- [Stored data]:
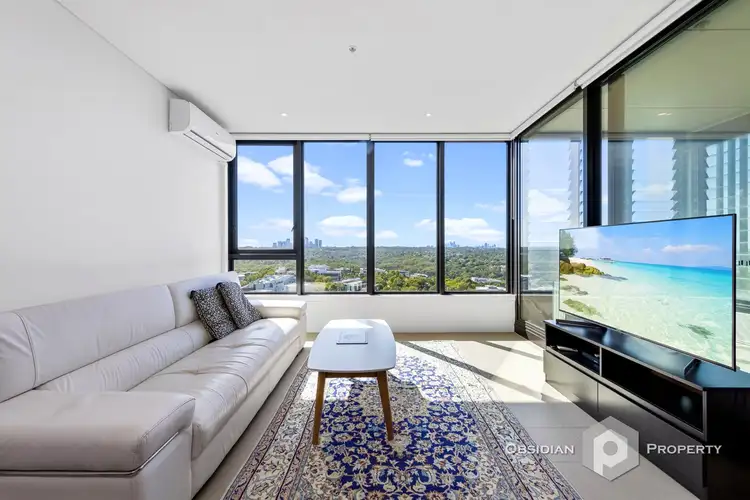 Second view of Homely apartment listing, 1902/3 Network Place, North Ryde NSW 2113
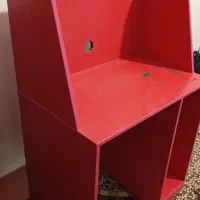 میز تحریر|میز تحریر و کامپیوتر|هشتگرد, ینگی امام|دیوار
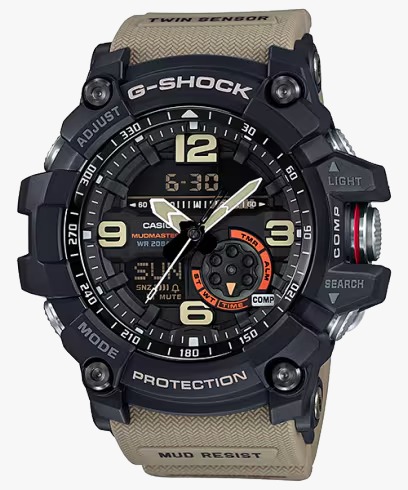 Relógio de Pulso Anadi 1000-1A5 - G-Shock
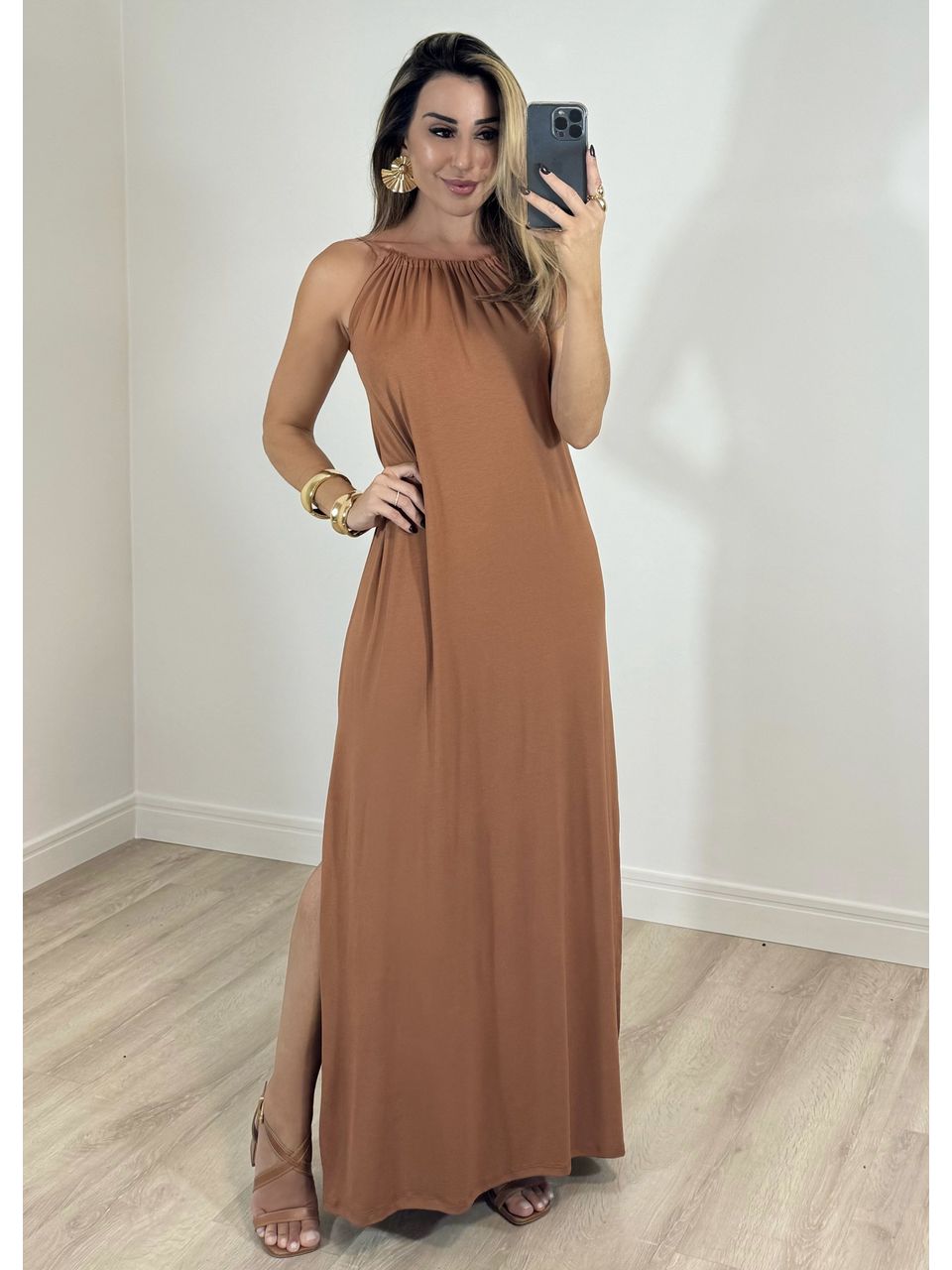 Vestido Malha MB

- [What you are asked to do]: Beginning with the line that contains "میز تحریر|میز تحریر" in the data above, please copy each line exactly until the last line, both ends included, skipping any pictures.

- [Output below]:
 میز تحریر|میز تحریر و کامپیوتر|هشتگرد, ینگی امام|دیوار
 Relógio de Pulso Anadi 1000-1A5 - G-Shock
 Vestido Malha MB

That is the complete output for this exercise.